GBP/USD falls to a session low of 1.2300
The pound has been on a tear this week but as mentioned yesterday, this is where things start to get a bit tricky for the currency.
As price broke above key resistance around 1.2290-10, the technicals suggest that sentiment is starting to shift towards pricing out risks of a no-deal Brexit in a significant manner.
Are we really there yet? That is the big question.
Rebel lawmakers look set to get their way as the Brexit delay bill will almost certainly be turned into law before next week and that will force Boris Johnson to seek an extension to Article 50, which he claims he’d rather “be dead in a ditch” than doing so.
However, does that really change anything? Essentially, no. We’re still no closer to a Brexit solution and this is just prolonging the misery that the UK economy is suffering from.

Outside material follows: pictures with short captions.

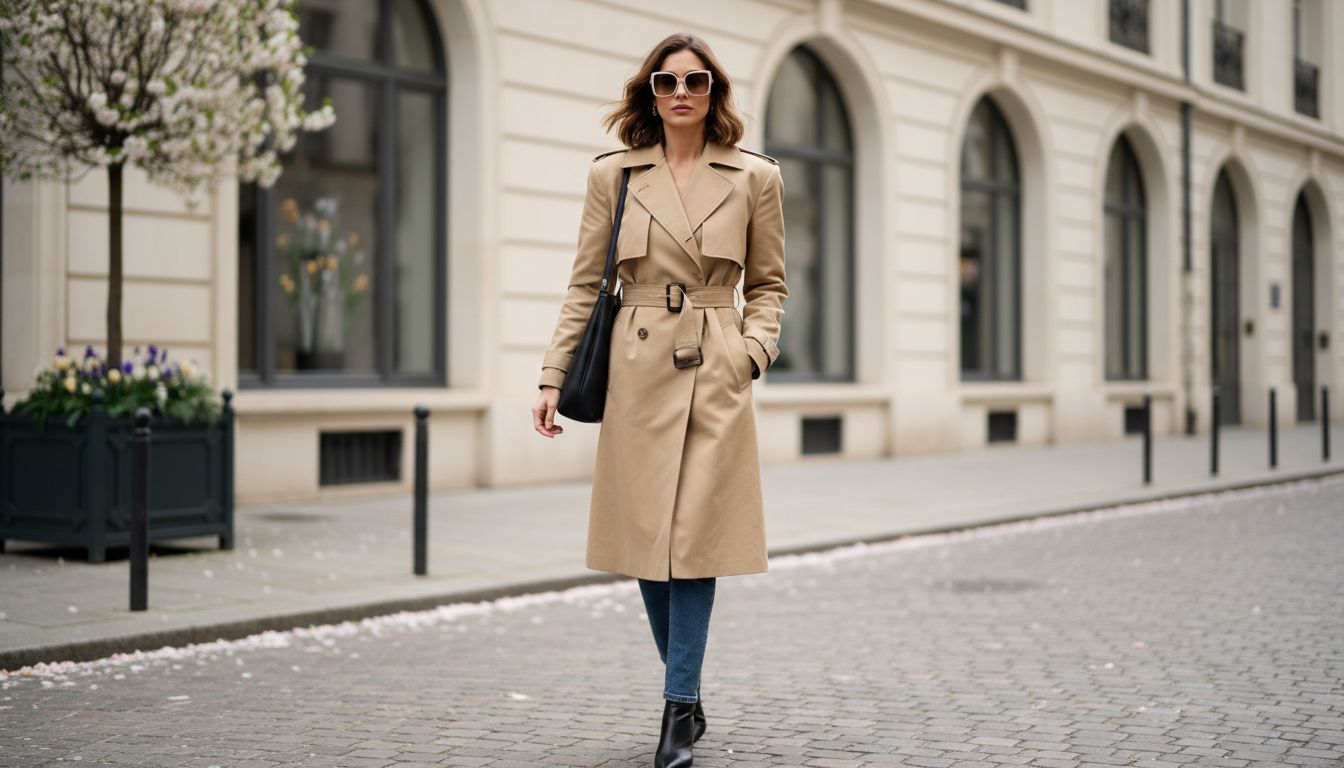 Девушка в бежевом тренче с жесткими плечами и широким поясом, идущая по улице, апрель 2026.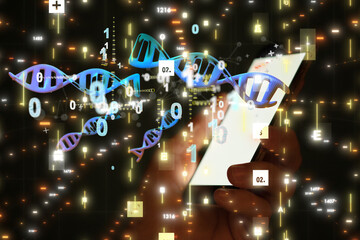 Fototapeta na wymiar Businessman holding a 3d render DNA.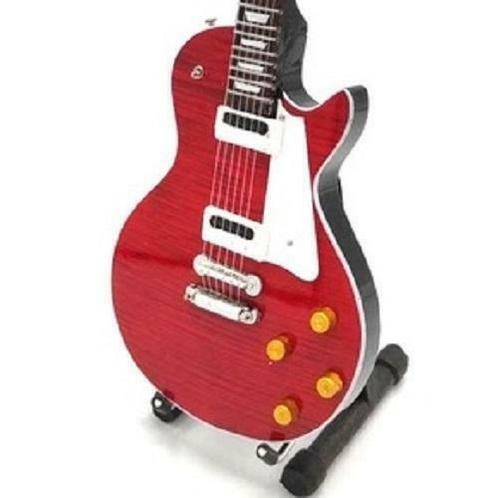 Miniatuur Gibson Les Paul gitaar met gratis standaard, Collections, Cinéma & Télévision, Envoi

Besides that, if the government does comply with the law passed, it means Johnson will be going to Brussels to seek an extension without a working majority – if he can’t call an election beforehand that is.
That is hardly a convincing enough argument/position for European leaders to grant an extension to Article 50 in my view.
For cable, a move back below 1.2300 will see sellers start to regain some confidence after three days of a beat down. If price starts tracking towards 1.2250-60 and break below that, I reckon we could start to see more even pricing about odds of a no-deal Brexit weighed against the current political developments.
At this stage, the key level for buyers to keep the upside momentum going remains the key hourly moving averages and that sits closer towards 1.2168 (100-hour MA) and 1.2190 (200-hour MA) respectively.
But any firm break towards 1.2500 requires Brexit developments to go in their favour, otherwise it is hard to see the pound be too optimistic based on current developments still.